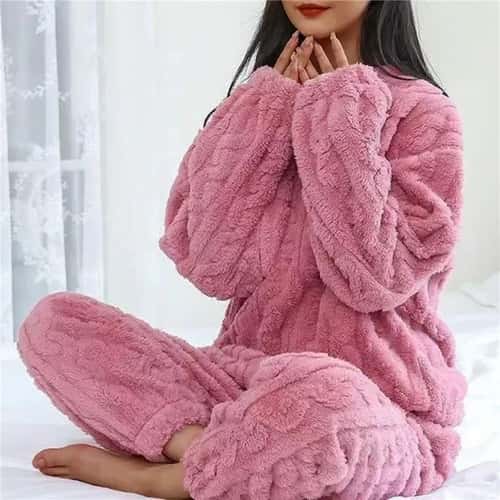 Cozy coral velvet pajama set for Women – Warm Fluffy Winter Loungewear
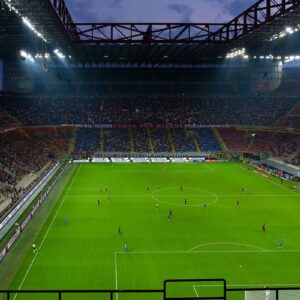 Milano corre, ma lo stadio è fermo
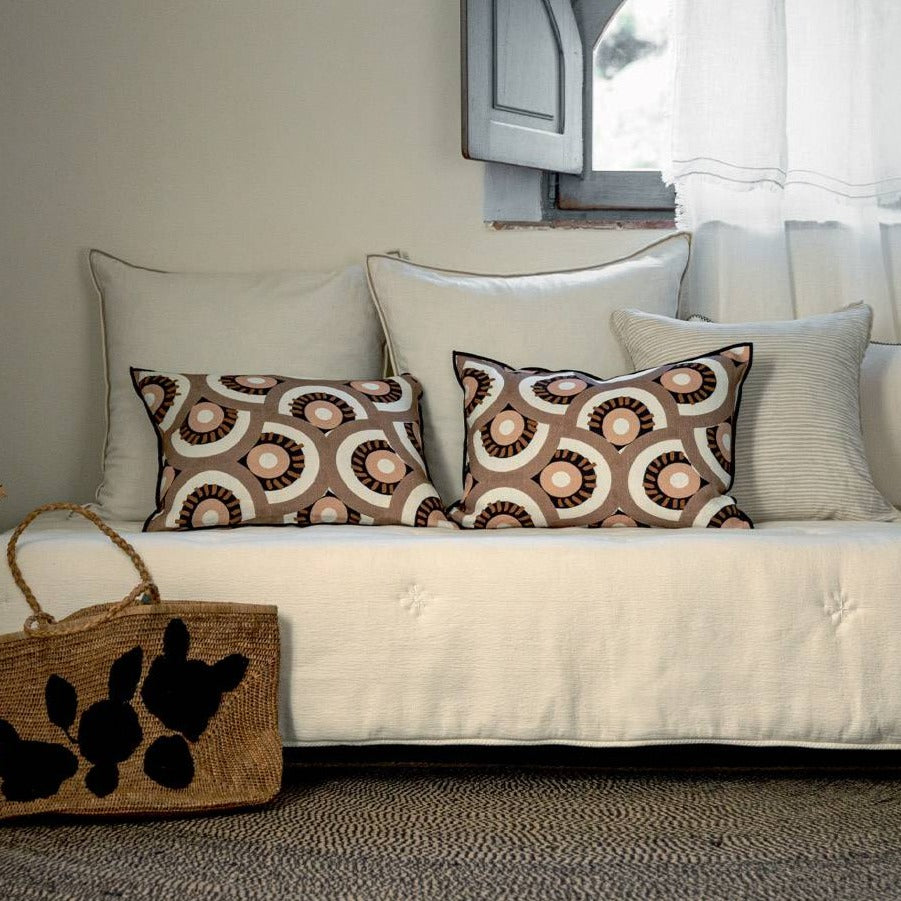 Rectangular Linen Cushion (50x45cm) Victoria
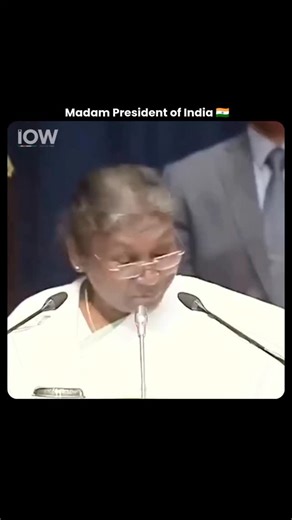 India On Web on Instagram: "🇯🇵🤖✨ 日本では、AIゴミ分別ロボットが駅や商業施設で導入され、 人々の捨てたゴミを自動で判別して正しく分別しています。 ロボットはカメラとAIを使い、 「プラスチック」「燃えるゴミ」「缶」「ペットボトル」などを一瞬で識別。 捨てられたゴミをアームで取り出し、 適切なボックスへ振り分けることで、 リサイクル率の向上や環境負荷の軽減に貢献します。 1台で人の手作業を約3倍効率化でき、 大型施設ではすでに数千個分のゴミ分別をサポートしています。 ▫️未来のクリーンな都市を支える、革新的なスマートテクノロジーです。 #日本 #知識 #事実 #AI #ロボット #イノベーション #サステナブル #環境 Smart Green Future ♻️🤖"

(Work to complete):
Print the lines from the line containing "Rectangular Linen Cushion (50x45cm) Victoria" through the last line of the listing, exactly as they stand, and leave any pictures out.

(Answer for this exercise):
 Rectangular Linen Cushion (50x45cm) Victoria
 India On Web on Instagram: "🇯🇵🤖✨ 日本では、AIゴミ分別ロボットが駅や商業施設で導入され、 人々の捨てたゴミを自動で判別して正しく分別しています。 ロボットはカメラとAIを使い、 「プラスチック」「燃えるゴミ」「缶」「ペットボトル」などを一瞬で識別。 捨てられたゴミをアームで取り出し、 適切なボックスへ振り分けることで、 リサイクル率の向上や環境負荷の軽減に貢献します。 1台で人の手作業を約3倍効率化でき、 大型施設ではすでに数千個分のゴミ分別をサポートしています。 ▫️未来のクリーンな都市を支える、革新的なスマートテクノロジーです。 #日本 #知識 #事実 #AI #ロボット #イノベーション #サステナブル #環境 Smart Green Future ♻️🤖"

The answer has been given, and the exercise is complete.